» **ASSIGNMENT**
Though the entries contain pictures, the copy you make should hold only the rest, exactly as written.

======== SOURCE RECORDS

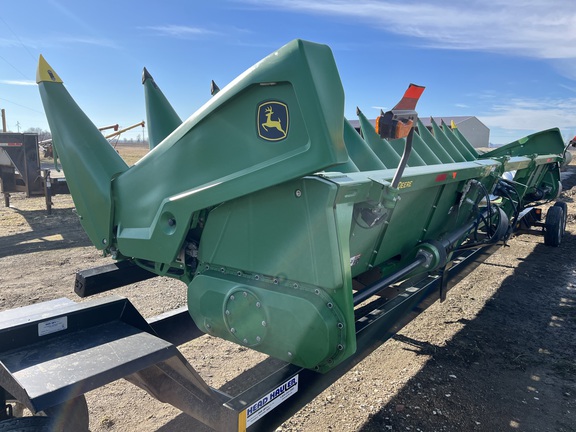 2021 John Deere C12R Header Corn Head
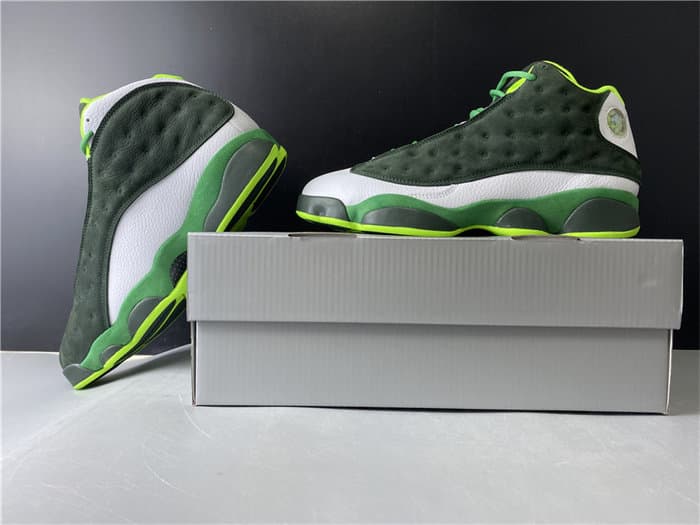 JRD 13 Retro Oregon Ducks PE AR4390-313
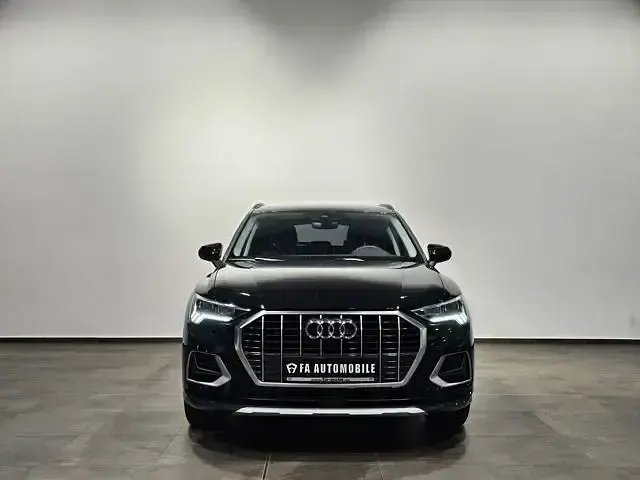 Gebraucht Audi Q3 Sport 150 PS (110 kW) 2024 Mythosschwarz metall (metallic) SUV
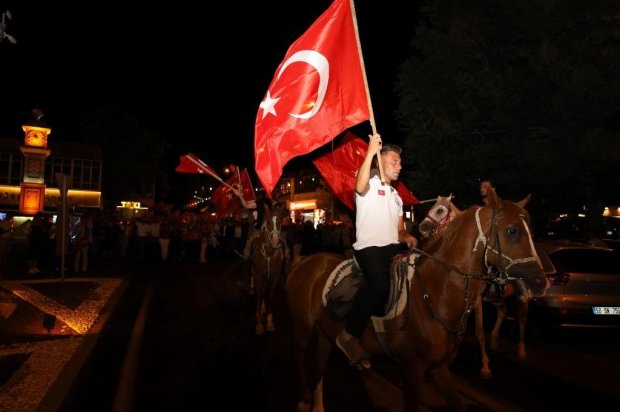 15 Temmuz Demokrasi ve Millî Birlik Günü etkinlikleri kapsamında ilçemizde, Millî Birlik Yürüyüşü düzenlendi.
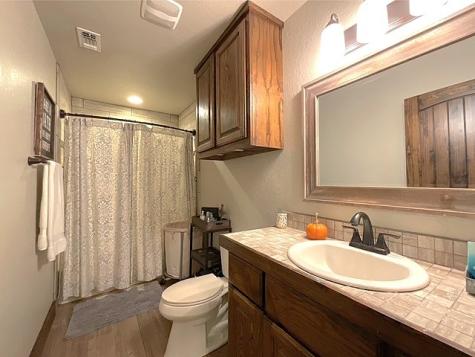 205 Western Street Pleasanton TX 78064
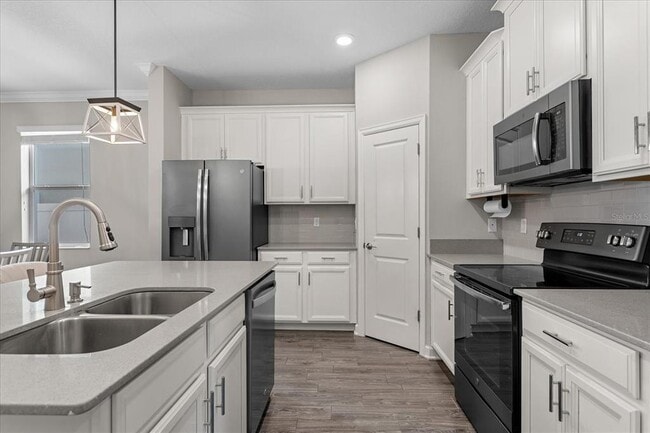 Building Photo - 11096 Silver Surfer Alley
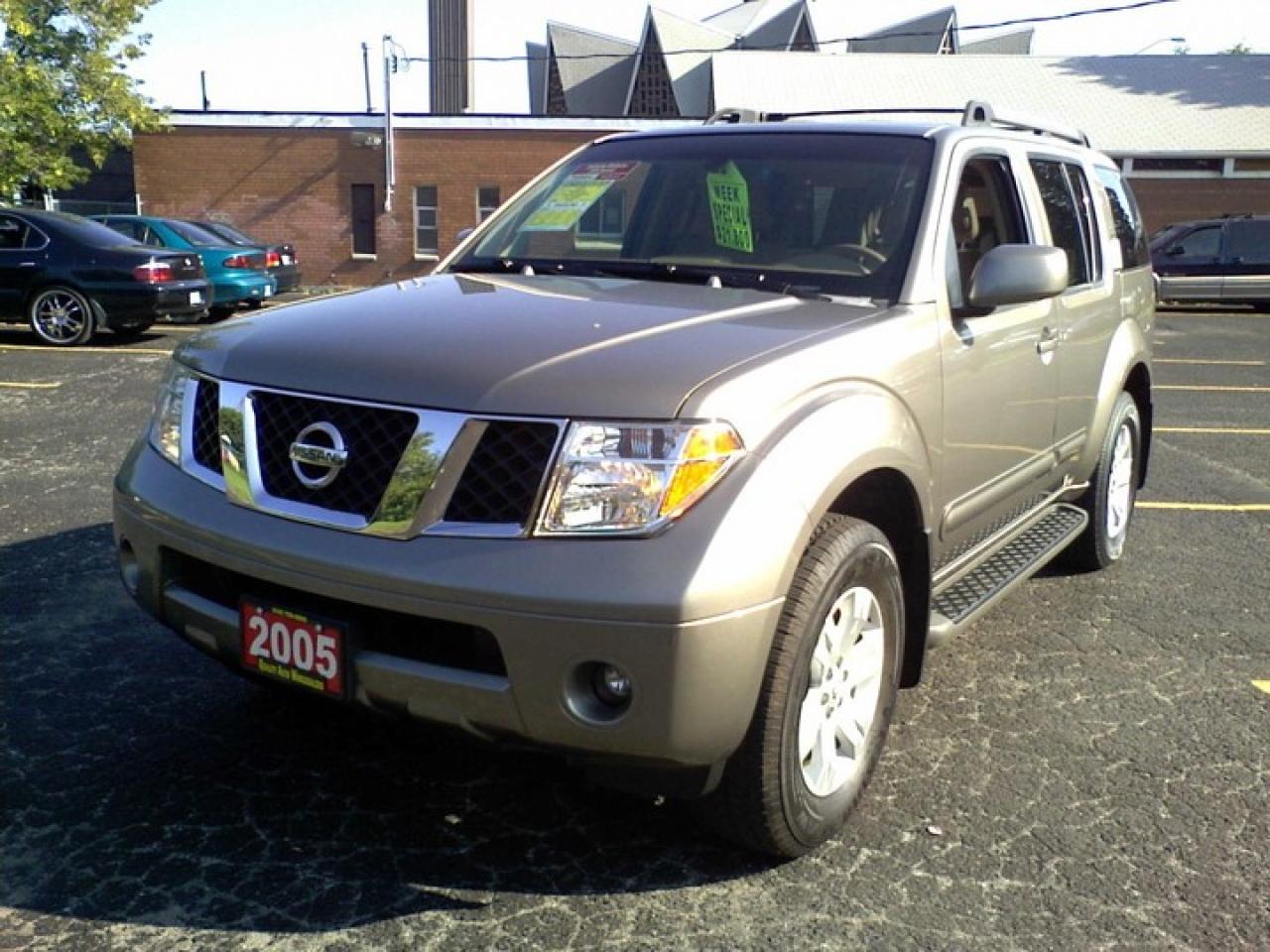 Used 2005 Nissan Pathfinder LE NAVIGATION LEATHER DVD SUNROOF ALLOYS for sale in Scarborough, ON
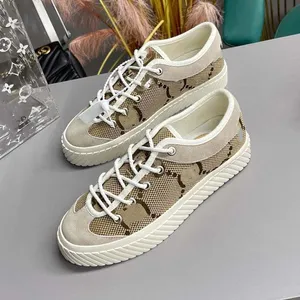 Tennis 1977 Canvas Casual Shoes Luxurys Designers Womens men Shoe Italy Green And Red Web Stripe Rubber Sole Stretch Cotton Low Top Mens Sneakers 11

================

» **RESULT**
 2021 John Deere C12R Header Corn Head
 JRD 13 Retro Oregon Ducks PE AR4390-313
 Gebraucht Audi Q3 Sport 150 PS (110 kW) 2024 Mythosschwarz metall (metallic) SUV
 15 Temmuz Demokrasi ve Millî Birlik Günü etkinlikleri kapsamında ilçemizde, Millî Birlik Yürüyüşü düzenlendi.
 205 Western Street Pleasanton TX 78064
 Building Photo - 11096 Silver Surfer Alley
 Used 2005 Nissan Pathfinder LE NAVIGATION LEATHER DVD SUNROOF ALLOYS for sale in Scarborough, ON
 Tennis 1977 Canvas Casual Shoes Luxurys Designers Womens men Shoe Italy Green And Red Web Stripe Rubber Sole Stretch Cotton Low Top Mens Sneakers 11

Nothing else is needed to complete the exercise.